What are your plans for your retirement years? Start preparing your finances so you can enjoy your life being a retiree when you grow old. Here are tips to attain financial freedom in the future.
By Renz Lyndon Paguio |
6 tips to financial freedom

In a recent study conducted by the International Marketing Group (IMG), an astonishing 45% of Filipino retirees are now turning to their children for financial help while 30% rely on charity. About 23% have no choice but to continue working. Only 2% of them are financially independent.

If you want to spend your retirement years traveling for leisure, living in style, and enjoying the little perks in life, you should start investing for your future. Ideally, we should begin our retirement savings and investments while we are still young. But still, if you haven’t started on it yet, better be late than never.

IMG shares these six logical and practical tips that can help you achieve a fulfilling retirement.

1.    Have the discipline to increase cash flow

You can opt to either shrink your dream to fit the size of your income or increase your income to fit your dream. Challenge yourself to grow and make a change. Learn how to save money and refrain from buying things that you don’t really need.

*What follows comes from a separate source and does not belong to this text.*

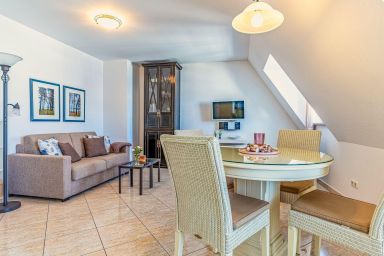 Fewo Nordlicht in Binz! 2.Raum, bis 4 Pers. Direkt am Strand, Meerblick, Aufzug, Wallbox & Hund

2.    Provide proper protection


The healthcare benefits that employees have are just for the short term. Logically, upon retirement, your healthcard coverage will also be gone. This early, look for a long-term healthcare investment that can spare you all the trouble when you reach your retirement age. The sooner you invest on this, the better it will be for you and your family.

3.    Manage debts

Save a portion of your present income for your future needs. Never purchase things using expected or future revenue. Avoid having debt in any form to prevent unnecessary loss of earnings. If it can’t be avoided, pay your debt as soon as you can before it incurs interest and grow out of hand. Control your discretionary spending. You may ditch those credit cards, if those just lead you to excessive and uncontrollable shopping habits.

4.    Create an emergency fund

There is a reason why there are available fire extinguishers in almost every establishment. Just “Break Glass in Case of Fire” and you’ll be safe. It is also important for you to have your own glass to break in case of a life emergency. IMG recommends saving at least 3 to 6 months worth of your monthly income as an emergency fund to prepare for the unexpected, like accidents or natural calamities.

5.    Asset accumulation

There are two types of income – the active income that comes from your direct labor and the inactive income that comes from your investments like businesses. An inactive income can be a reliable resource when you suddenly lose your job. Make use of your spare time wisely by taking multiple sources of earnings to save more money.

6.    Preserve your estate

Have a good estate plan. Build a solid financial foundation. Make sure that when unlikely occurrences happen to you, your family can use your assets to go about their daily lives. Preserving your estate will be a walk in the park if all the above tips will be observed.

Money is something that is hardly earned but it is also easily spent. Observe self control and financial discipline so you can make investments and save for your retirement.